December 2014:  Gary Carpenter of Colorado Springs took the following pics of his memorabilia collection of mugs, buttons, reference and technical guides, manuals, and books before giving it away.  Click on small images to see a larger photo.  Thanks Gary! scarpenters08@att.net

 

 

August 2014: Arthur Lampert wrote in to share the neat memorabilia below: I worked in Israel, which was based in Herzliya, north of Tel Aviv, until it moved to Ra’anana, just to the east of Herzliya. I began in June 1988 and stayed through the transition to Compaq and then HP, where I still work. My jobs have changed, of course. arthur.lampert@hp.com

  • The DEC auto decals were used to identify company cars in Israel. The rainbow decals were very old, used when the standard company car was the Subaru 1600. Then came the blue logo decals in Hebrew, which were eventually replaced by the red ones in English.

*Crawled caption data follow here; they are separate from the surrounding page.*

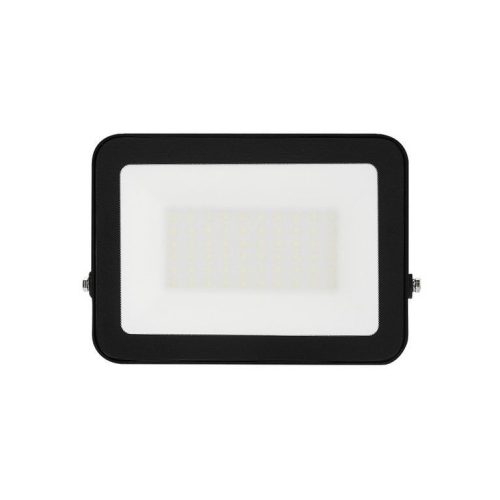 Asalite LED Reflektor Slim 50W 6500K (4500 lumen)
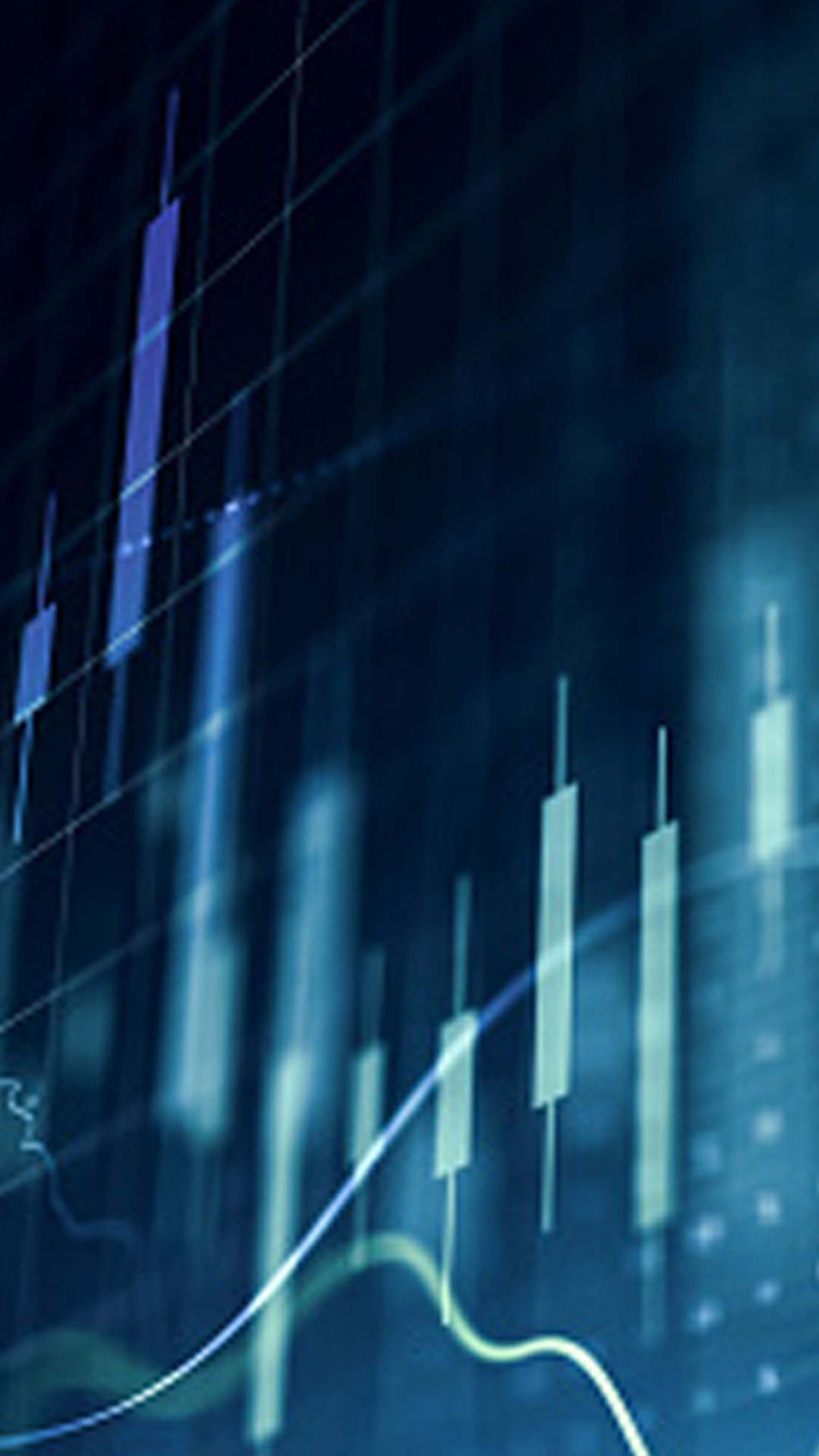 Orge Enerji’nin metro projesi için verdiği teklif kabul edildi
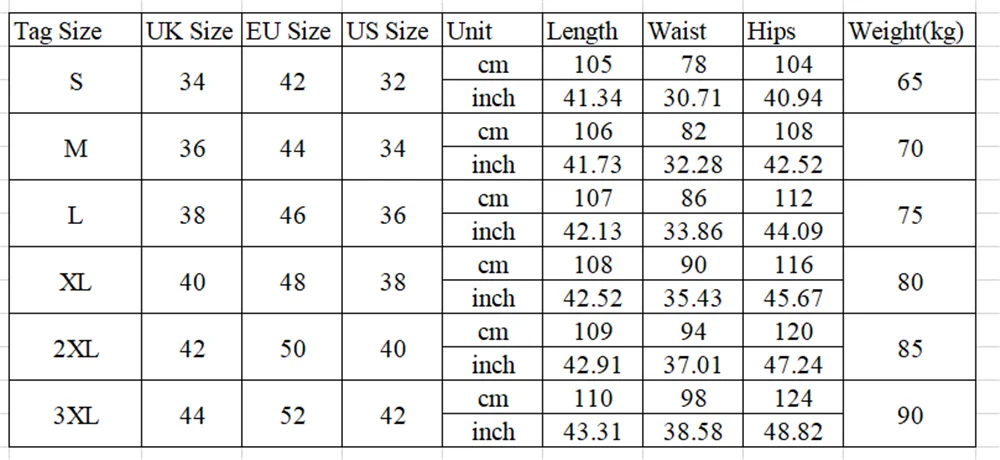 Men's Slim Fit Bib Pants Denim Overalls Suspender Trousers Skinny Jean Jumpsuits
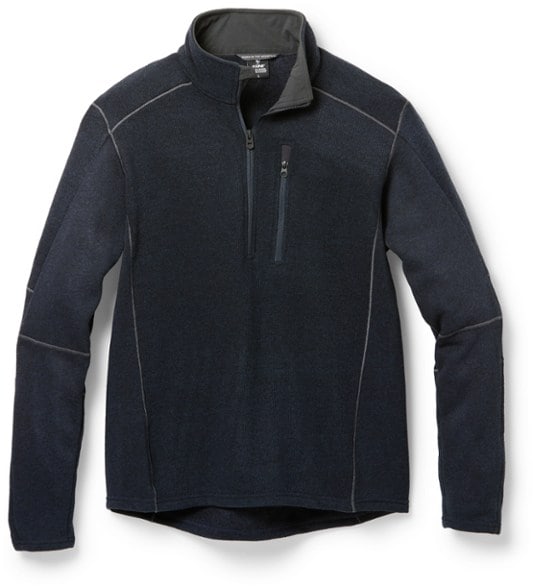 Product Image of color Mutiny Blue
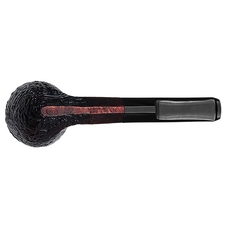 Ashton Pebble Grain Bulldog (XXX)
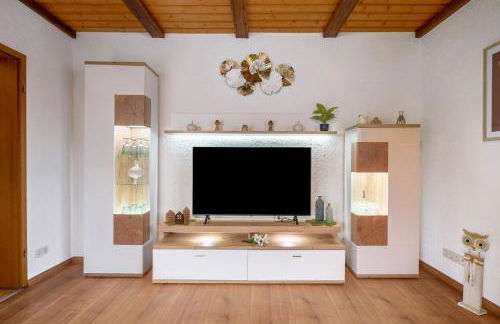 Betty’s Home - Foto 8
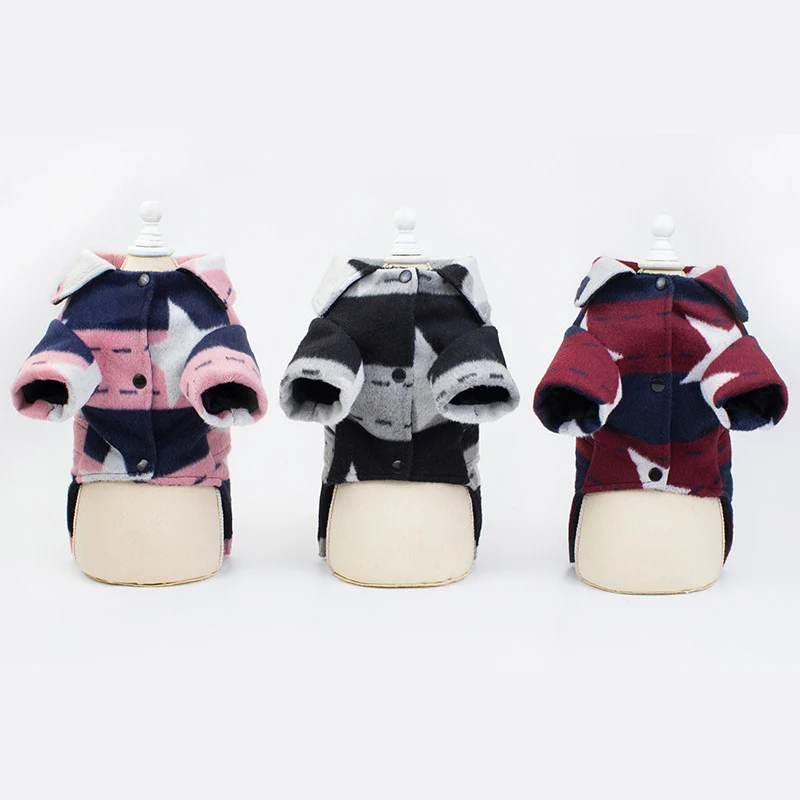 product image - 1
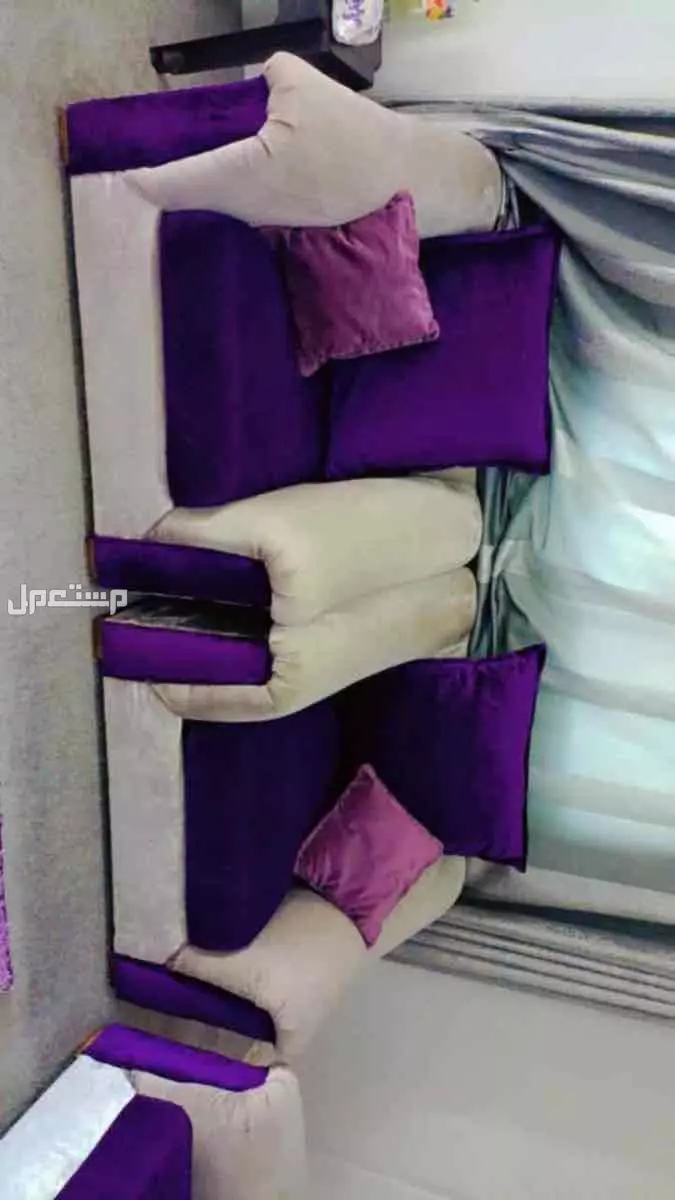 اربد /بيت يافا في لواء قصبة اربد بسعر 150 دينار أردني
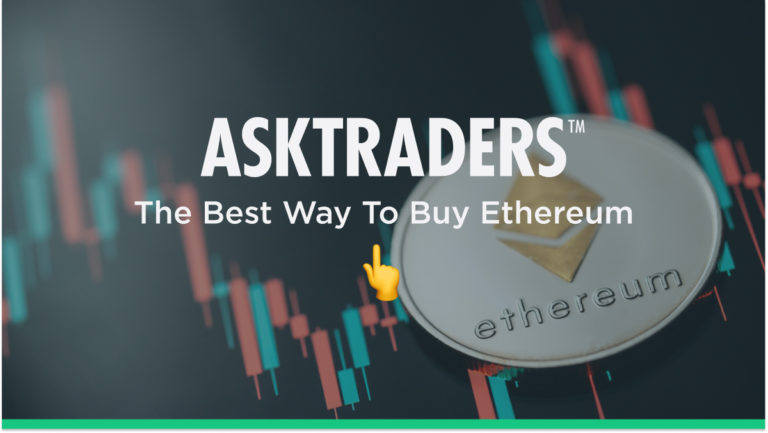 The Best Way To Buy Ethereum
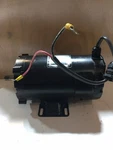 Leeson 1/2 Hp 24 Volt Dc Permanent Magnet Motor C4D17NK100. Fixed Price $100.00.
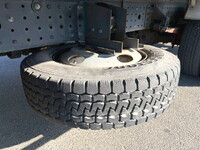 MITSUBISHI FUSO Canter Aluminum Van TKG-FEB50 2015 365,049km_30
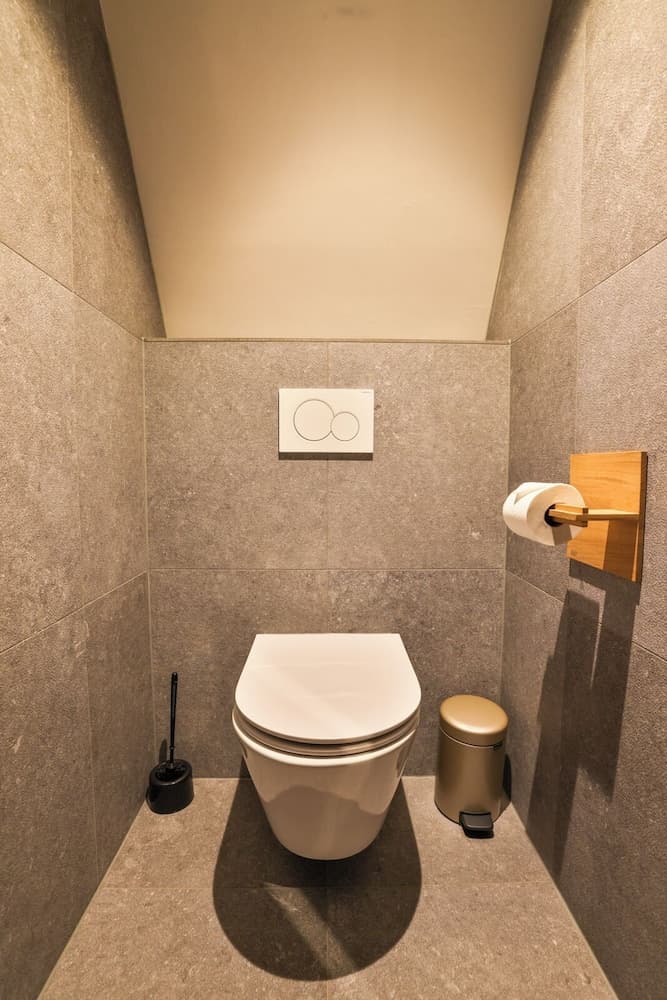 Hotel Abdij Dokkum photo 8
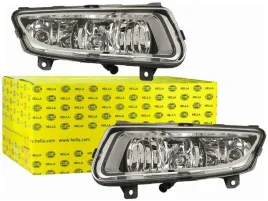 halogeny-przeciwmglowe-vw-polo-v-mk5-09-17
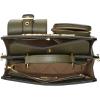 imageSteve Madden Bevelyn Utility Pocket Convertible Crossbody BagJuniper
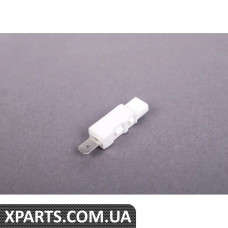 61311375475 BMW OBS-ДІОД/4AMPS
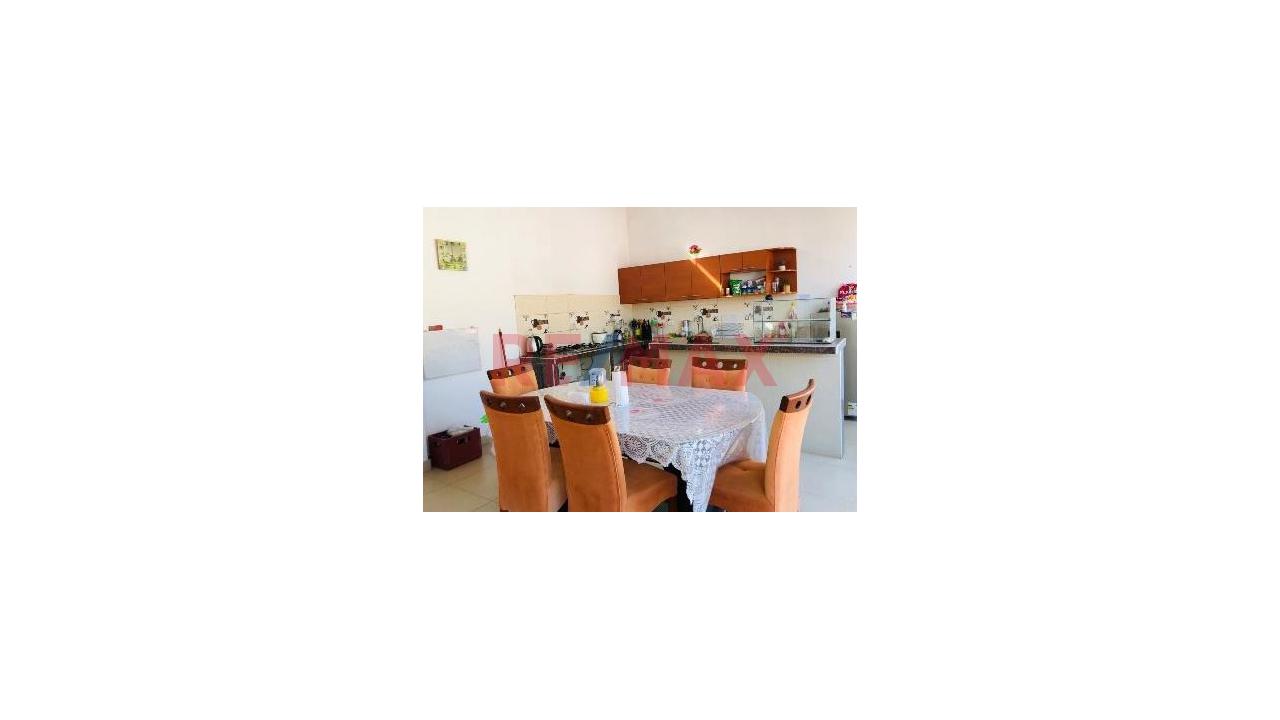 🏡 Residencia Exclusiva Con Piscina En Tarapoto - 14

  • The keyboard is from my old VAX workstation. Note the Hebrew secondary character set.

 

May 2014: Mary Cole came across an ad for Digital's sponsorship of Evening at Pops on public TV in a June 1990 issue of the New Yorker.  Great cartoon.  Click this link to see the image.

 

From Mary Cole:  Just came across this DEC Unix folder - nothing inside, but thought you'd like the outside!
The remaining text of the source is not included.